By the time Marcy Jacobs came in with the champagne, the moment to celebrate had already passed. The Veterans Affairs Department main website, which she and her team had spent the last nine months thoroughly redesigning, was live, and the process had gone off without a hitch.

“It was so anticlimactic,” said Jacobs, who leads the U.S. Digital Service branch at Veterans Affairs. “There was no drama, there were no fireworks. It was the quietest launch you never heard about.”

The revamped VA.gov was intended to make it easier for veterans to access the agency’s most popular services, and the team is already seeing its efforts pay off, according to Chris Johnston, the program manager for the project.

Between the site’s relaunch on Nov. 7 and Jan. 16, veterans submitted 51 percent more online health care applications than they did during the same period the year before, Johnston told Nextgov.
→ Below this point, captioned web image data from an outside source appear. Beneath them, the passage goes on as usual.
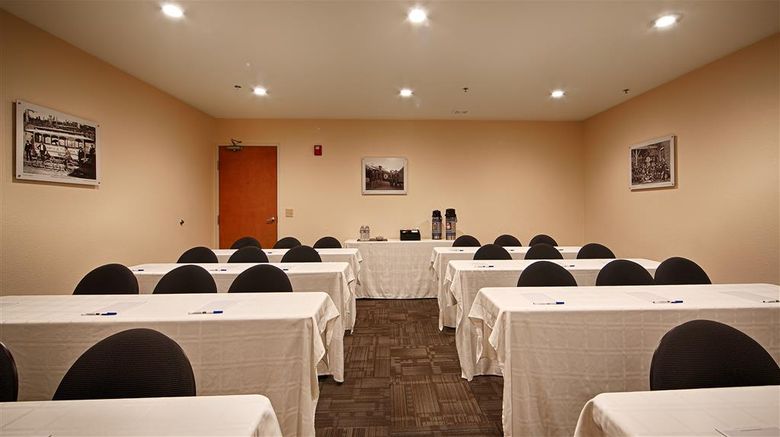 <b>Best Western Tumwater-Olympia Inn Meeting</b>. Images powered by <a href="https://iceportal.shijigroup.com/" title="IcePortal" target="_blank">IcePortal</a>.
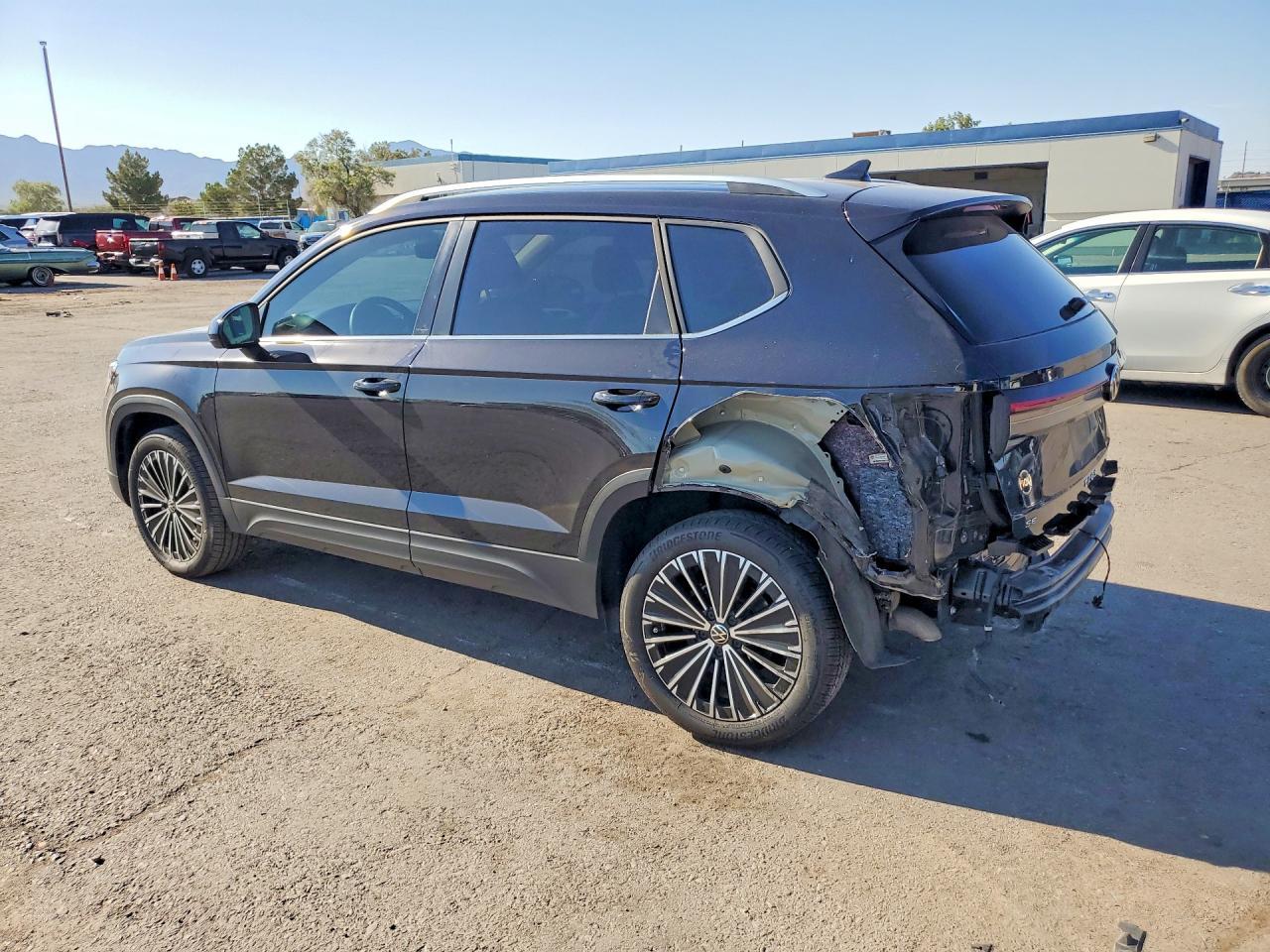 2025 Volkswagen Taos Se - Фото 2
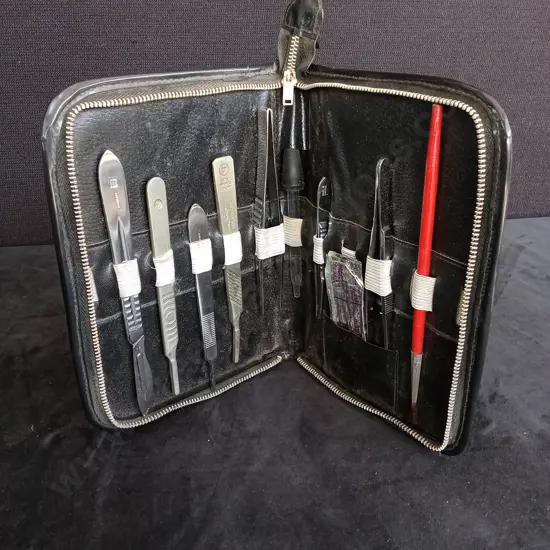 VINTAGE DISSECTION KIT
Applications for G.I. bill education benefits also increased 9 percent, and customer experience scores improved as well.

“In the private sector, if you did something that gave you a 50 percent boost overnight, you'd get a $1 million bonus and a month of vacation,” he said.

The metrics reflect a rare win for an organization plagued by an ever-expanding list of IT failures, troubled acquisitions and customer experience issues.

Prior to the redesign, Jacobs told Nextgov that the department’s online presence looked more like an organizational chart than public-facing resource. Veterans needed to navigate a maze of outdated websites to find what they looking for, and that information oftentimes was buried in bureaucratic descriptions of office missions and funding, she said.

The team analyzed data on how veterans were using each site and linked to the 20 most popular services—which account for some 80 percent of the agency’s web traffic—directly on the new homepage. Information on offices and operations are still available online, she said, but it’s no longer the first thing veterans see when they enter the site.

“It was looking at … what are people coming here to actually do,” she said. “Surprisingly they don’t come to read about the VA.”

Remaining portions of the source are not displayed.